Published online by Cambridge University Press: 10 December 2009
This work brings together, for the first time in English translation, Hegel's journal publications from his years in Heidelberg (1816–18), writings which have been previously either untranslated or only partially translated into English. The two years Hegel taught at the University of Heidelberg mark an unusually important transition in his life and thought. Following the closing of the University of Jena in the wake of Napoleon's famous victory at the Battle of Jena, Hegel was unable to find a university teaching position. After a decade in which he worked briefly as a newspaper editor and then as a gymnasium rector, Hegel returned to a university teaching position as Professor of Philosophy at Heidelberg in 1816. During his two years at Heidelberg, before he left to take up his final academic position in Berlin, Hegel brought to fruition a number of projects that characterize the mature phase of his work: he published the first version of his mature philosophical system, the Encyclopedia; served as editor of a journal, the Heidelberger Jahrbücher der Literatur (Heidelberg Yearbooks), which published two important contributions of his own; and began to give the first public lectures in which his developed social and political philosophy was on display.

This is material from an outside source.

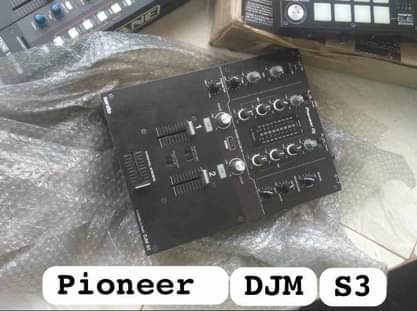 A picture of Dj equipments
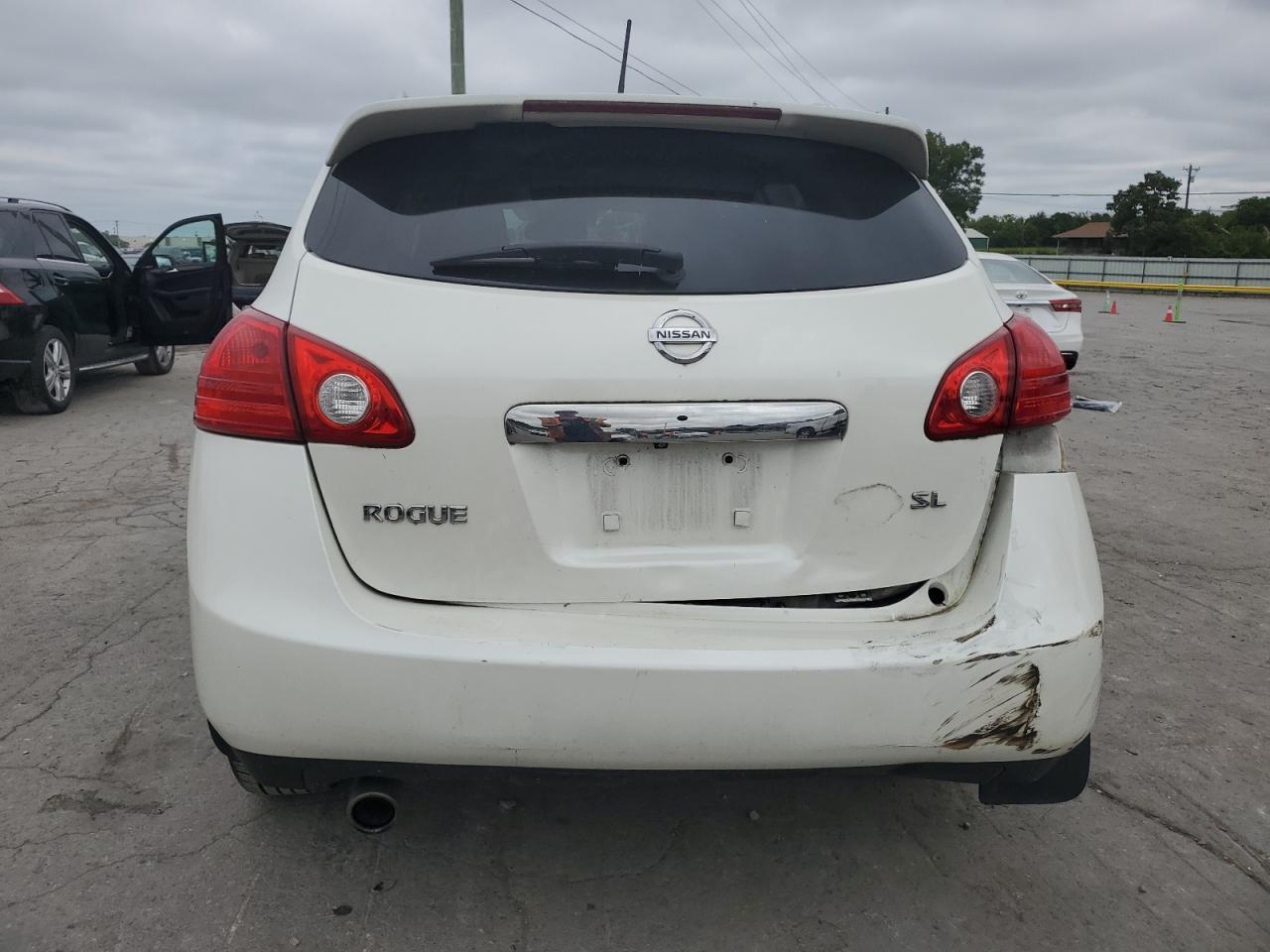 2011 Nissan Rogue S VIN: JN8AS5MT2BW152933 Lot: 69997025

The move to Heidelberg marked not only an important milestone for Hegel personally, but also came – as Hegel himself articulated it in this period – during a crucial generational shift in the larger political and philosophical climate in Germany and Europe. Hegel's generation, which had witnessed the beginning of the French Revolution twenty-five years before, had seen in the intervening years the swift overthrow of old philosophical systems as well as political upheavals stemming from Napoleon's rise and fall.